→ **STORED DATA**
☆ ☆ ☆ ☆ ☆ ☆ ☆

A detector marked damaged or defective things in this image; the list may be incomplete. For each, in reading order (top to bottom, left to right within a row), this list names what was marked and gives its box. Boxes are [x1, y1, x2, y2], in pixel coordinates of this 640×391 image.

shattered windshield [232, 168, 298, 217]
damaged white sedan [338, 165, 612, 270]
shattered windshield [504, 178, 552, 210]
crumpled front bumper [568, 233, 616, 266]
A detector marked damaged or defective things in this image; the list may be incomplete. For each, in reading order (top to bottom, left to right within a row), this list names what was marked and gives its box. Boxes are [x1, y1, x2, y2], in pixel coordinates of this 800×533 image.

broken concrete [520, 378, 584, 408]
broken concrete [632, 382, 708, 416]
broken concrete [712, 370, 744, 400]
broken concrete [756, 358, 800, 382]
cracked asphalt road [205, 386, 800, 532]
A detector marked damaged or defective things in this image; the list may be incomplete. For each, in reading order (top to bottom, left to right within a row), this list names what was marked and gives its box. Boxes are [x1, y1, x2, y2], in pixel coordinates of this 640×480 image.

☆ ☆ ☆ ☆ ☆ ☆ ☆

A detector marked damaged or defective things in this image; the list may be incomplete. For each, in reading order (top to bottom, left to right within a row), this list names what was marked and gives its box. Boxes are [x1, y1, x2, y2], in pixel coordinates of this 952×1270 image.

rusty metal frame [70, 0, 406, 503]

☆ ☆ ☆ ☆ ☆ ☆ ☆

→ **TASK ITEM**
Would you quote everything above from the line containing "this 800×533 image." down to the line containing "this 640×480 image."? Include both of those lines and nothing else.

→ **THE ANSWER**
A detector marked damaged or defective things in this image; the list may be incomplete. For each, in reading order (top to bottom, left to right within a row), this list names what was marked and gives its box. Boxes are [x1, y1, x2, y2], in pixel coordinates of this 800×533 image.

broken concrete [520, 378, 584, 408]
broken concrete [632, 382, 708, 416]
broken concrete [712, 370, 744, 400]
broken concrete [756, 358, 800, 382]
cracked asphalt road [205, 386, 800, 532]
A detector marked damaged or defective things in this image; the list may be incomplete. For each, in reading order (top to bottom, left to right within a row), this list names what was marked and gives its box. Boxes are [x1, y1, x2, y2], in pixel coordinates of this 640×480 image.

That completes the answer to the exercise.